The alphabet tree is fairly ordinary to the eye in many respects, except of course it's fruits which fall to earth around November and scatter themselves a short distance from the tree. Not every fruit contains a seed which is one of the reasons that the alphabet tree is not as common as many of it's indigenous counterparts. Imported to Britain from as far away as Greece and Turkey by the great arboretum collectors of the 17th to 19th century, this broad leaved deciduous has few uses to man in industry or leisure, and has therefore rarely been introduced to the wider countryside on a large scale.
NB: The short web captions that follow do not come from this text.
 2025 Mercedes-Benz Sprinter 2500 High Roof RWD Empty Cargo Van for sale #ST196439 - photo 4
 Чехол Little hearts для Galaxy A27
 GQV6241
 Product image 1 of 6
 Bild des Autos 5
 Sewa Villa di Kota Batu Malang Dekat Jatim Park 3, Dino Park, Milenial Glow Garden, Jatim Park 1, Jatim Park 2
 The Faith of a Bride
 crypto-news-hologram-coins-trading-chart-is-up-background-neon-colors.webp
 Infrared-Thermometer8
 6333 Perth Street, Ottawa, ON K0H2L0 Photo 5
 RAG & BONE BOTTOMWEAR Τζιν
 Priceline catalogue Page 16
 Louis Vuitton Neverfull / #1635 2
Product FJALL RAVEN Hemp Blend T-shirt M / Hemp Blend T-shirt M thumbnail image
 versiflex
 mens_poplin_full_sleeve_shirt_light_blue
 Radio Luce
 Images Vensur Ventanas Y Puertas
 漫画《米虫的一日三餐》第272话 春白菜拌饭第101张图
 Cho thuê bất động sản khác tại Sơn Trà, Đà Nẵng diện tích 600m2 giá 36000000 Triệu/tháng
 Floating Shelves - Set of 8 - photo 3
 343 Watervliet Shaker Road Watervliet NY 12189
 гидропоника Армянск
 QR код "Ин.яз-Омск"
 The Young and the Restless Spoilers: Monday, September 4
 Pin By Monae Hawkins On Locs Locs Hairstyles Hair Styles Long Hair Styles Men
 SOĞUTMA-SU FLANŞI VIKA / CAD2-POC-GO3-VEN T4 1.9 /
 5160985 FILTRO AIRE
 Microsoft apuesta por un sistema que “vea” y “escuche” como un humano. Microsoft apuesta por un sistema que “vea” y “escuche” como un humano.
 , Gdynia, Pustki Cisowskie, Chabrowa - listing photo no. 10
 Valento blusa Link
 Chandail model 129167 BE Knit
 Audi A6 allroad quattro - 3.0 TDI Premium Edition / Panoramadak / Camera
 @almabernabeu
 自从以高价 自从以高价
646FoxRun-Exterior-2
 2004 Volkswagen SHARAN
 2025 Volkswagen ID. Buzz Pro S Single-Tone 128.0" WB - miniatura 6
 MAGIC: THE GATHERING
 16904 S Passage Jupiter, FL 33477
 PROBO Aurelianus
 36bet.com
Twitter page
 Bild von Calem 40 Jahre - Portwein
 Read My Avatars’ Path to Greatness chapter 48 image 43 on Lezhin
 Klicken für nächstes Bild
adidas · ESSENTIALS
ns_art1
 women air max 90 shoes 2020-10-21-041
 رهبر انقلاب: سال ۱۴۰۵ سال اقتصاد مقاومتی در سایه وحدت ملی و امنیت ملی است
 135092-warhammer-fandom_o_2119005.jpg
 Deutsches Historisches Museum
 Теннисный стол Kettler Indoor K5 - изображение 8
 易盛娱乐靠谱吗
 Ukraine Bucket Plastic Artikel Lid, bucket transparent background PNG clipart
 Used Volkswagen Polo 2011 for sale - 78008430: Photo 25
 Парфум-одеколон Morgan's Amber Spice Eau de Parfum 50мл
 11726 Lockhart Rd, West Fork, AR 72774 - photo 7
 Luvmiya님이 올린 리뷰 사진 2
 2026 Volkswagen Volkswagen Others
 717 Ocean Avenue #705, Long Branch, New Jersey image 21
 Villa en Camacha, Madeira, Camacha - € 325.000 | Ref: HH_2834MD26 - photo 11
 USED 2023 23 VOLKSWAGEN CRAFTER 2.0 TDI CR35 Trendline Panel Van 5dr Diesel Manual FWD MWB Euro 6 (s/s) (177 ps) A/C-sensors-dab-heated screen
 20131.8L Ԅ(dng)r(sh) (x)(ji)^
The fruits are not eaten by many creatures, but it is a widely held folklore belief that animals with the ability to pick things up with their forepaws such as squirrels or rats have used the fruits as educational devices for their young or even to hang above the entrances to their drays, burrows etc as signs for predators to stay away. Flocks of carrion crows were often to be seen wearing large fruits around their necks to delineate between the various rival murders.
Another folklore tale surrounds how each seed containing fruit would lend itself to growing different sized trees depending on the letter shape of it. Though I'm aware of no scientific studies or evidence to back up the 'wives tales', some old verses still get passed on in the oral tradition. One such rhyme goes, to memory, something like this;
The tree of the letter shaped A through to H
Will not grow an inch above yon garden gate
A bough or a branch grown from I to an M
Will wither and die when the size of most men
From N to the Y seeds are not quite as high
As a tree from the letter shaped as a Z
Which will always stand twig branch wood shoulder and head
Above any other in forest or glade
Which are all the letters from which our words are made.
I think it's lost something in translation, but you get the basic drift.
In the days before the tree was introduced to the bounds of these shores, the natives of it's origins had their own stories bound by it. Of course, in Turkey, the Turkish trees had a different alphabet, as they did in Greece. When imported to Russia, a similar thing occurs. It's as though the tree has a very close bond with the people around it, like it can understand the basic language of those humans around it. Everybody in those countries will tell of how their ancestors could almost feel the trees listening to their thoughts, eager for human contact or even symbiosis.
The ancient Gods of Greece had their own favourite letters from the tree seeds.
I suppose we could all pick our own favourites too. Some would be quite partial to an E, and there are those for whom there is great comfort in an R. I asked the B.F.G. what her favourite is.
I'll leave you to guess what her answer was.